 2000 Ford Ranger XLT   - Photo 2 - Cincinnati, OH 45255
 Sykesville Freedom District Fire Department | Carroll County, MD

____________

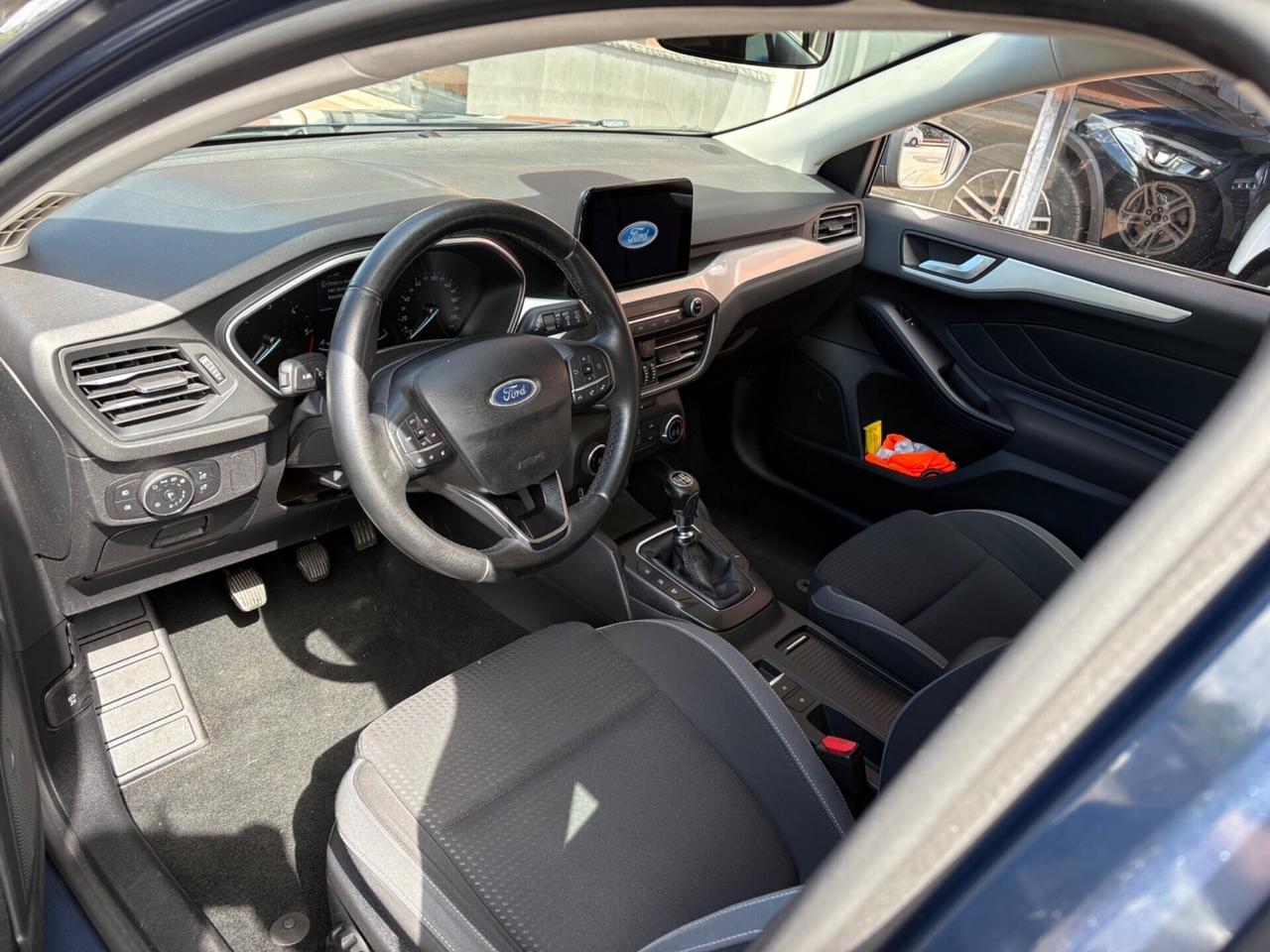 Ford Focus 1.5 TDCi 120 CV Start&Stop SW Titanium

____________

▸ Task goal:
Of the lines above, output exactly those from the line bearing "2000 Ford Ranger" through the line bearing "Sykesville Freedom District", inclusive.

▸ Response below:
 2000 Ford Ranger XLT   - Photo 2 - Cincinnati, OH 45255
 Sykesville Freedom District Fire Department | Carroll County, MD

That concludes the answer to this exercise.